Doctrina de la Madre de Dios y Señora nuestra.
503. Hija mía, el tesoro inestimable de la virtud de la fe divina está oculto a los mortales que sólo tienen ojos carnales y terrenos; porque no le saben dar el aprecio y estimación que piden este don y beneficio de tan incomparable valor. Advierte, carísima, y considera cuál estuvo el mundo sin fe y cuál estaría hoy si mi Hijo y Señor no la conservase. ¡Cuántos hombres que el mundo ha celebrado por grandes, poderosos y sabios, por faltarles la luz de la fe se despeñaron desde las tinieblas de su infidelidad en abominables pecados y de allí a las tinieblas eternas del infierno! ¡Cuántos reinos y provincias llevaron ciegas y llevan hoy tras de sí estos más ciegos, hasta caer todos en la fóvea de las penas eternas! A estos siguen los malos fieles y creyentes que, habiendo recibido esta gracia y beneficio de la fe, viven con él como si no le tuviesen en sus almas.

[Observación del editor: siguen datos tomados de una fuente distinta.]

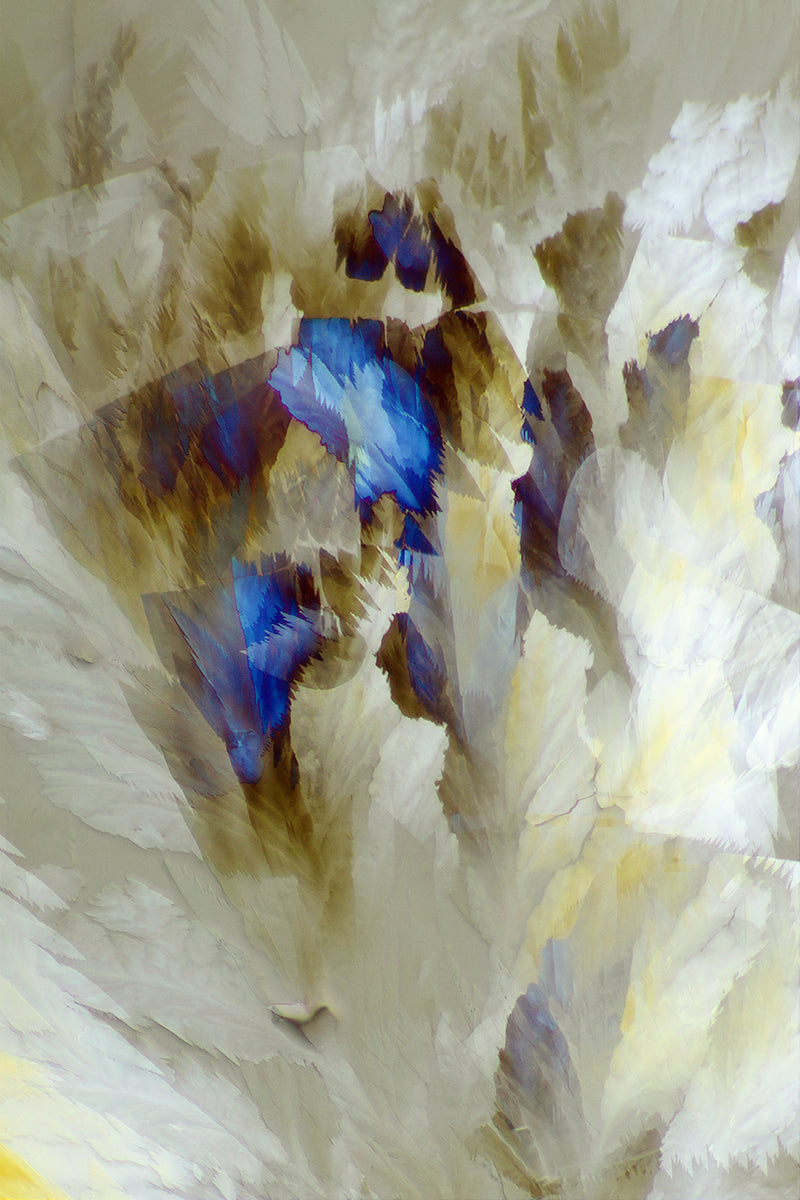 &quot;BOUQUET&quot; -Photograph of crystalline resveratrol found in wine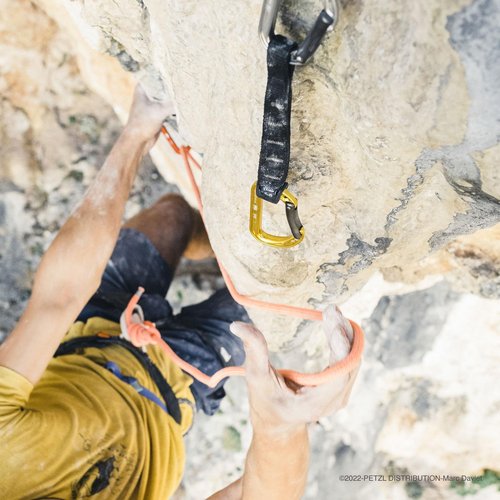 Petzl Spirit Bent Gate Carabiner 6-Pack - Color Coded Rack Pack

504. No te olvides, amiga mía, de agradecer esta preciosa margarita que te ha dado el Señor, como arras y vínculo del desposorio que contigo ha celebrado para traerte al tálamo de su Santa Iglesia y después al de su eterna visión beatífica. Ejercita siempre esta virtud de la fe, pues ella te pone cerca del último fin adonde caminas y del objeto que deseas y amas. Ella es la que enseña el camino cierto de la eterna felicidad, ella es la que luce en las tinieblas de la vida mortal de los viadores y los lleva seguros a la posesión de su patria, adonde debían caminar si no estuvieran muertos con la infidelidad y pecados. Ella es la que despierta las demás virtudes, la que sirve de alimento al justo y le entretiene en sus trabajos. Ella es la que confunde y atemoriza a los infieles y a los tibios fieles, negligentes en el obrar; porque les manifiesta en esta vida sus pecados y en la otra el castigo que les aguarda. Es la fe poderosa para todo, pues al creyente nada le es imposible (Mc., 9, 22), antes lo puede y lo alcanza todo; es la que ilustra y ennoblece al entendimiento humano, pues le adiestra para que no yerre en las tinieblas de su natural ignorancia y le levanta sobre sí mismo para que vea y entienda con infalible certeza lo que no alcanzara por sus fuerzas y lo crea tan seguro como si lo viera con evidencia; y le desnuda de la grosería y villanía, cual es no creer el hombre más de aquello que él mismo con su cortedad alcanza, siendo tan poco y limitado mientras vive el alma en la cárcel del cuerpo corruptible, sujeta en el entender al uso grosero de los sentidos. Estima, pues, hija mía, esta preciosa margarita de la fe católica que Dios te ha dado y guárdala y ejercítala con aprecio y reverencia.